L'offensiva delle truppe governative, impegnate dai primi di dicembre dello scorso anno, contro l'ultima roccaforte dei ribelli, sta scatenando morte e distruzione e le violenze sono divampate ancora di più dopo l’uccisione di 33 soldati turchi da parte dei militari di Damasco.
La reazione di Erdogan è stata immediata, il Consiglio di sicurezza ha lanciato una controffensiva verso obiettivi del governo siriano nelle provincia centrale di Hama e a Ovest su Latakia, oltre a martellare con l'artigieria le posizioni intorno Idlib. Il risultato è stato quello di 16 soldati siriani uccisi.

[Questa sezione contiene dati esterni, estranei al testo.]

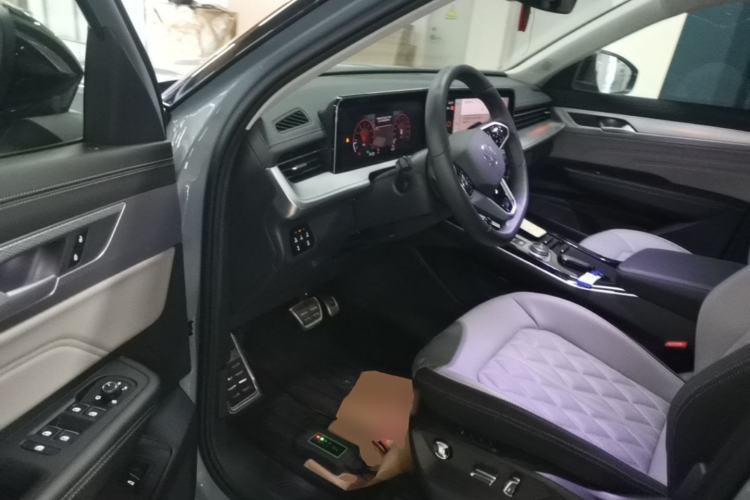 Used Volkswagen Tavendor 2023 380TSI Four-Wheel Drive R-Line Cruise Edition Driver Seat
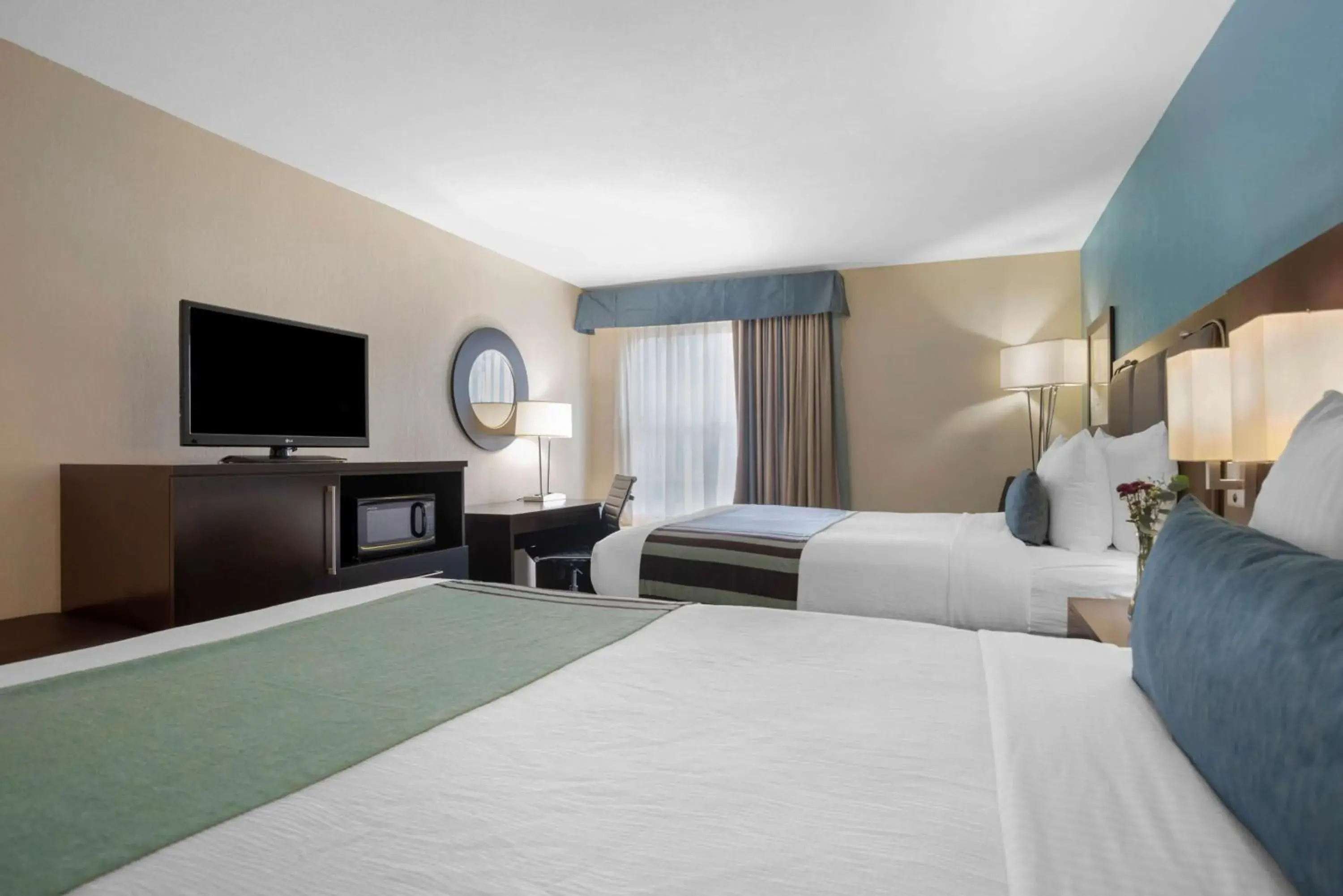 Queen Room with Two Queen Beds - Non-Smoking in Best Western Plus Tallahassee North Hotel Queen Room with Two Queen Beds - Non-Smoking in Best Western Plus Tallahassee North Hotel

Un livello che preoccupante ma che cozza contro gli sponsor di Assad.
La Russia soprattutto imputa alla Turchia il sostegno fattivo militare alle milizie islamiste, circostanza negata da Ankara.
Le accuse rimbalzano sul campo di battaglia e i toni si sono alzati ancora di più, per il direttore della comunicazione della presidenza turca, Fahretin Altun «E' stato deciso di rispondere al regime illegittimo che ha ordinato l'attacco contro i nostri soldati».
Ora gli scontri hanno chiamato in causa anche la Nato, per l'Alleanza Atlantica oltre al segretario generale Jens Stoltemberg ha parlato il dipartimento di Stato Usa, pronto a sostenere l'alleato turco e a chiedere «una sospensione immediata di questa odiosa offensiva da parte del regime di Assad, della Russia e delle forze sostenute dall'Iran».
E sono proprio i turchi ad aver chiesto alla comunità internazionale una “no fly zone” su Idlib per evitare un genocidio. Sempre Altun ha paragonato quello che sta succedendo ai massacri del Ruanda e della Bosnia.
Ma l'umanitarismo di Ankara nasconde la preoccupazione che altri profughi siriani si aggiungano ai 3,7 milioni arrivati negli scorsi anni, quindi gioca la carta degli sfollati ancora una volta con l'Europa.
Si segnalano già gruppi di persone accampate al confine con la Grecia che ha rafforzato il controllo del confine segnato dal fiume Evros, che traccia anche la frontiera con la Bulgaria. Sui paesi europei si potrebbe riversare in tal senso un numero imprecisato di uomini, donne e bambini non più trattenuti dai turchi.
Tensioni su tensioni delle quali al momento a fare le spese sono le popolazioni civili.
L'ufficio per il coordinamento umanitario dell'Onu ha riferito che nell'area degli scontri armati si trovano almeno 950mila sfollati, di questi 569mila minori e 195mila donne. L' 80% delle comunità in fuga.